*Work instruction:* The expected result is an exact copy of the lines from the one holding "Haki Regular Kesim" to the last line of the material, with pictures removed and nothing added.
[Stored data — start]
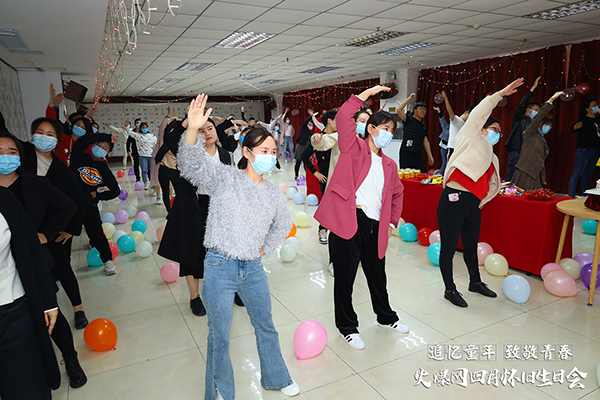 “追憶童年·致敬青春”火爆網(wǎng)4月懷舊生日會(huì)圓滿(mǎn)舉辦 “追憶童年·致敬青春”火爆網(wǎng)4月懷舊生日會(huì)圓滿(mǎn)舉辦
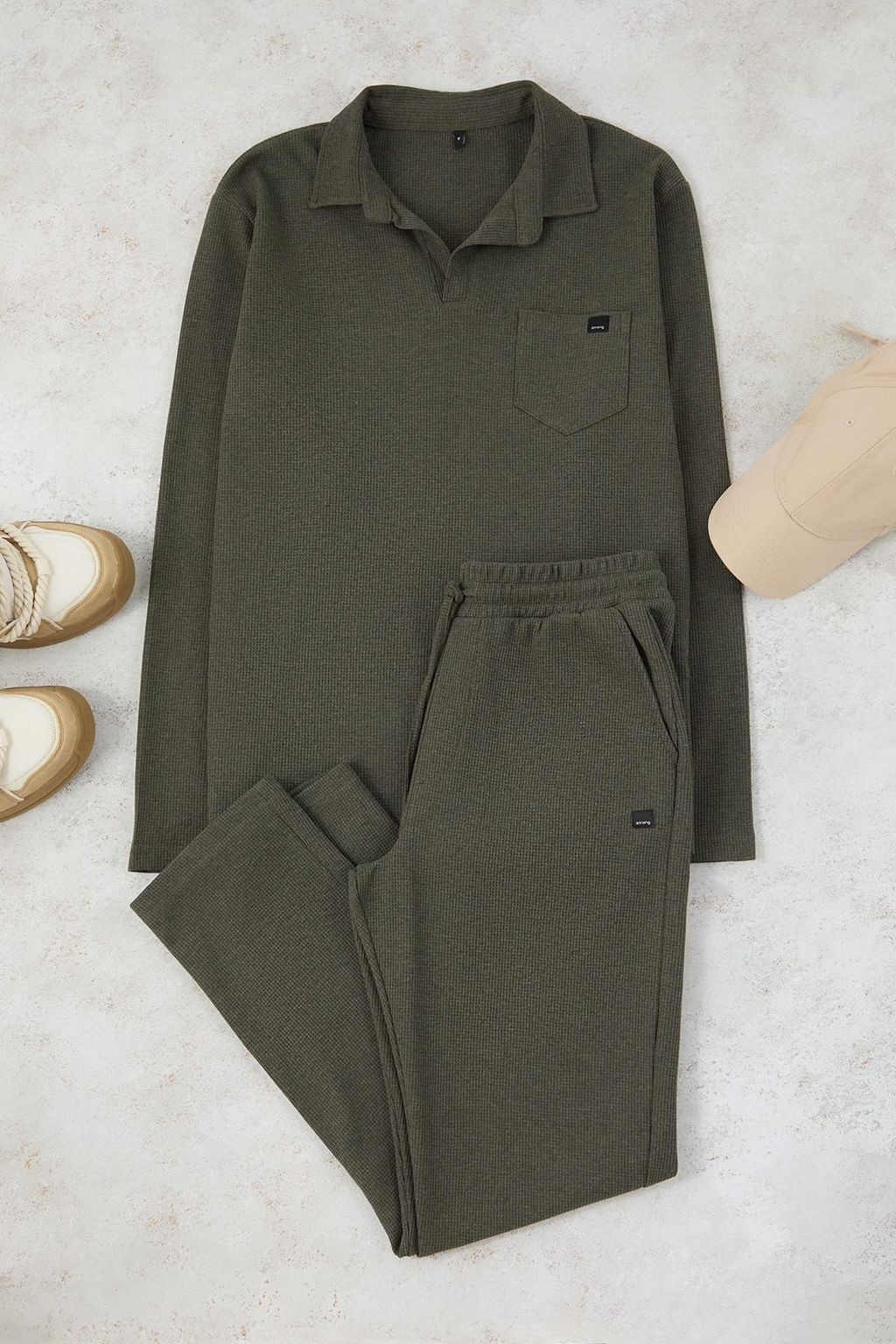 Haki Regular Kesim Polo Yaka Etiket Detayl? Dokulu Pijama Tak?m? TMNAW26PT00029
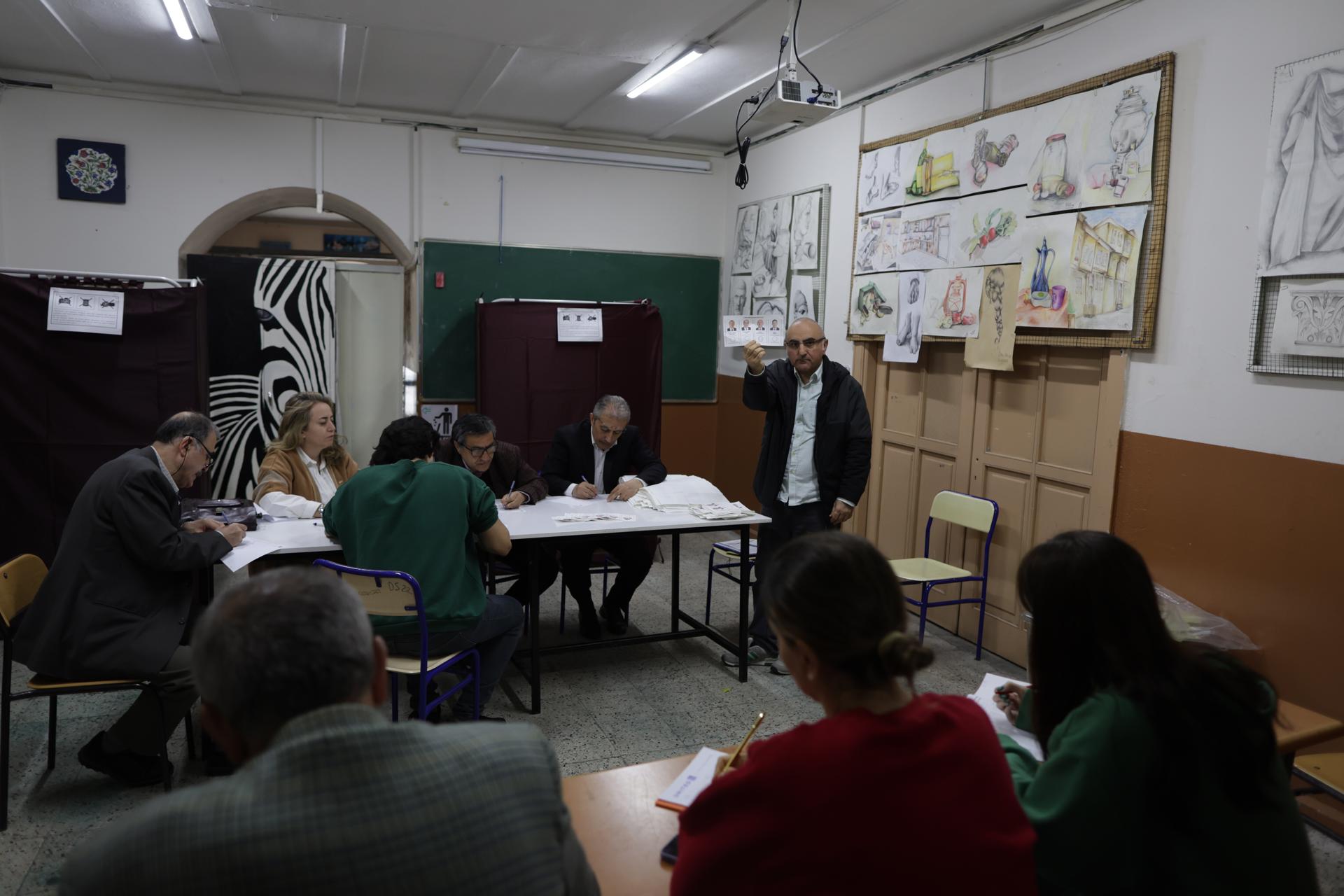 Un centre de votació de les eleccions presidencials de Turquia (fotografia: EFE).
[Stored data — finish]
*Task output:*
 Haki Regular Kesim Polo Yaka Etiket Detayl? Dokulu Pijama Tak?m? TMNAW26PT00029
 Un centre de votació de les eleccions presidencials de Turquia (fotografia: EFE).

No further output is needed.